CATCH THE BUZZ – Newfoundland and Labador’s First Honey Bee Reserve Opens June 1.

By: Alan Harman

Newfoundland and Labador’s first honey bee reserve opens June 1.

Operated by Paul and Brenda Dinn, Adelaide’s Honey Bee, Pollinator and Wildflower Reserve is in Goulds, a 10-minute drive from downtown St John’s, the Canadian province’s capital, in the heartland of the agricultural belt.

The Dinns, have operated their apiary as a small home-based business and hobby for five years. 

Six years ago, a family friend commented on a picture of wildflowers on the property and pointed out the abundance of a plant called fireweed,

“After researching, I learned fireweed is highly prized by bee keepers as its nectar and pollen make one of the world’s finest honeys,” Paul Dinn says. “Some bee keepers even drive or fly their beehives great distances, so their bees can make honey from the fireweed blossom.”
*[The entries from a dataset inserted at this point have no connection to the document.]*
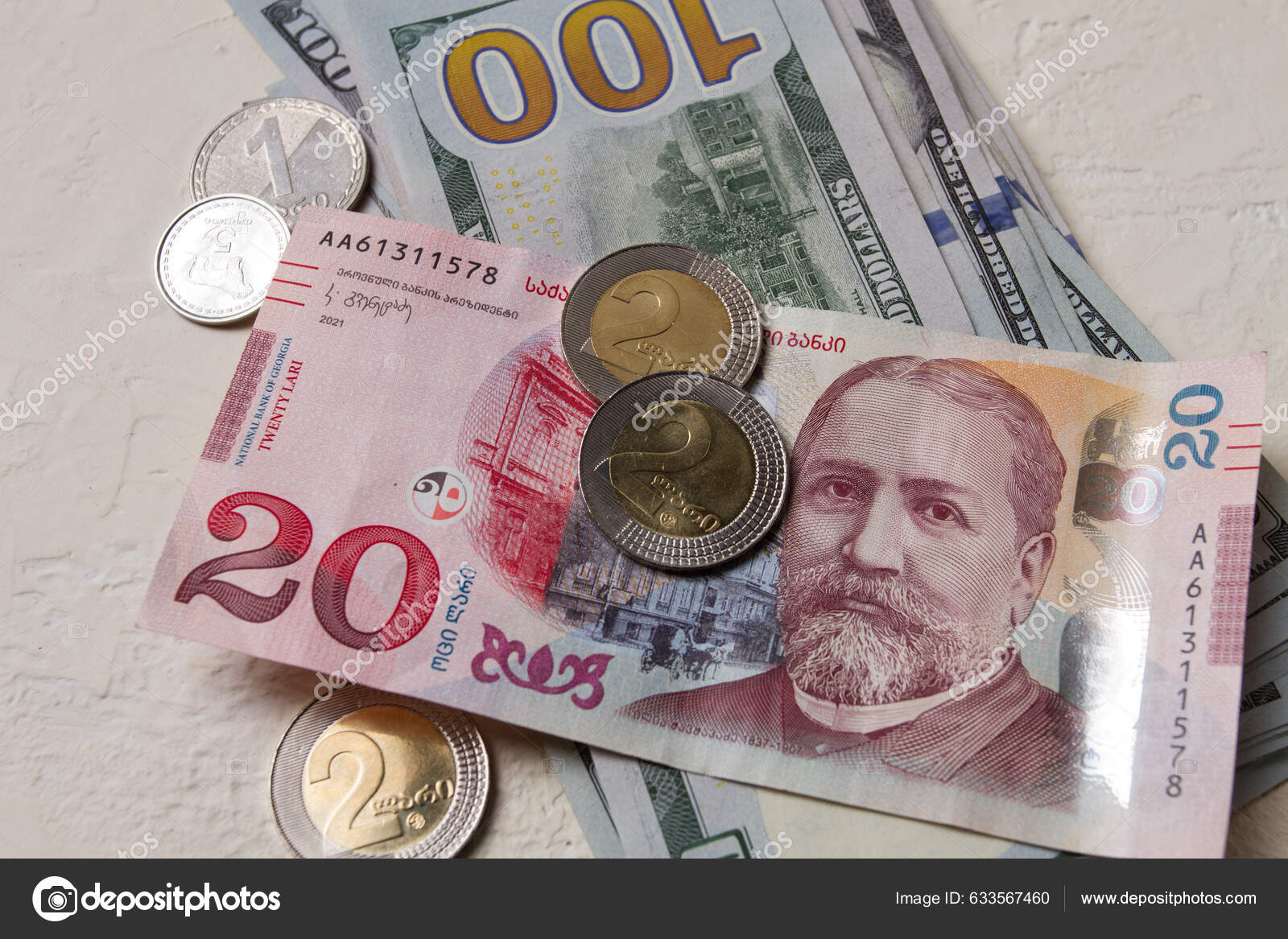 20戈瑞格鲁吉亚货币有美元没有人在桌子上——图库图片© Gala_Didebashvili #633567460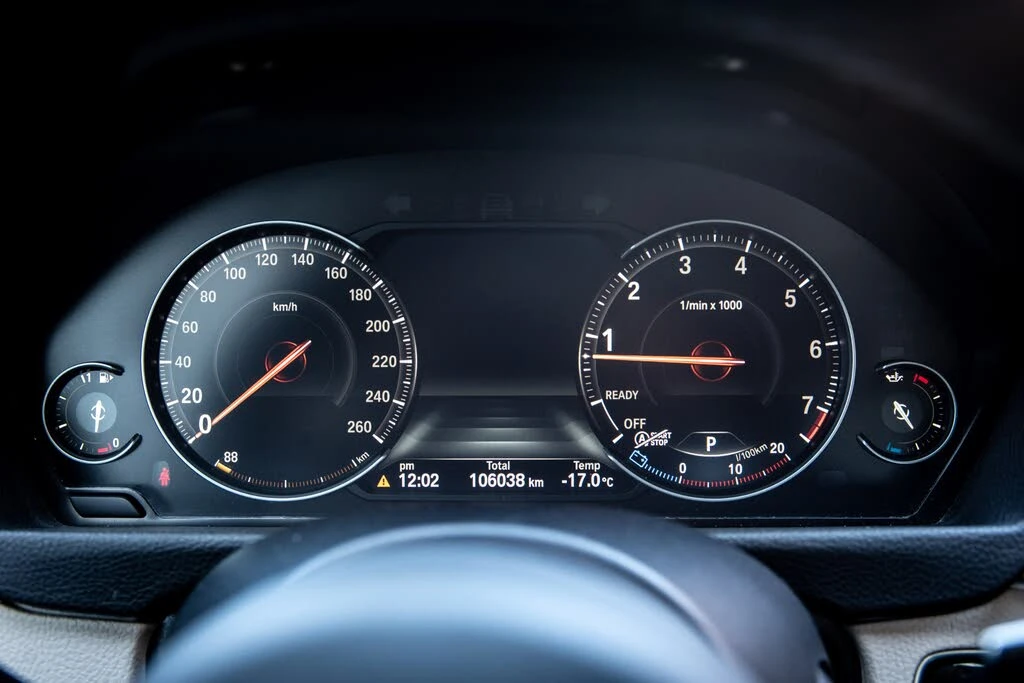 BMW 330 I * M-Package* * HeadUp* A���������* (���� �� ��) | Mobile.bg � ����������� 15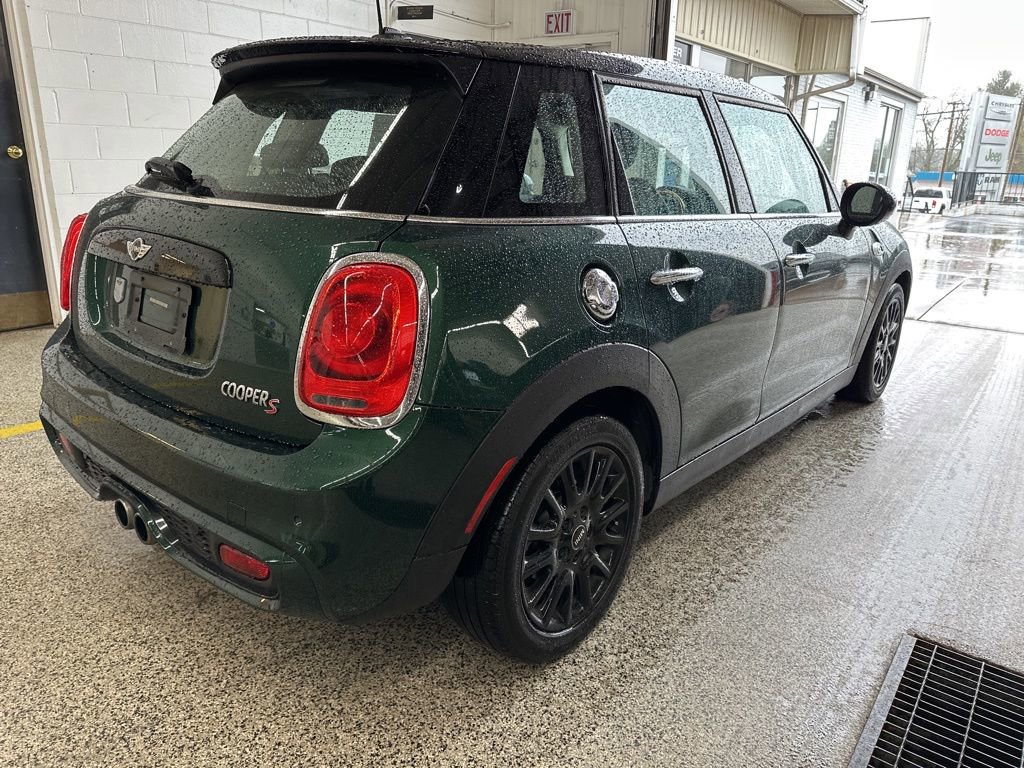 Used 2018 MINI Cooper S image 3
The abundance of fireweed and other wildflowers, the need for honey bees in the world and the Dinns want to start a business, led to the formation of Adelaide’s Newfoundland Honey, named after Brenda Dinn’s mother.

It is located on land that has been in the Dinn family for more than 100 years.

“My great-grandparents were self-sufficient farmers who grew their own vegetables and raised animals for meat and poultry,” Paul Dinn says. “They were true pioneers who sawed logs from surrounding woods to build their home. My great grandmother made her own butter, bread and clothes. Over time, the land has been handed down and eventually became ours.

“My parents didn’t use the land for farming, so the land was reclaimed by wildflowers and boreal forest. We had looked at raising sheep, egg production, growing Christmas trees, and so on.

“We are dedicating ten acres of our farm for the reserve, but if we need to expand due to popularity, then we have plenty of room.”

The reserve combines a safe place for honey bees and native pollinators and a botanical wilderness area with the deep pioneering and agricultural history of the family.

“It will offer a unique outdoor adventure, one that will change each time you visit,” Paul Dinn says. “You can see bees returning to the hive with pollen and nectar, learn how to work a low-impact beehive, open a hive and see the ecosystem inside and hike the wilderness trail where you could see a variety of creatures in their natural habitats, including grouse, rabbits, varieties of waterfowl and songbirds in a protected natural habitat.”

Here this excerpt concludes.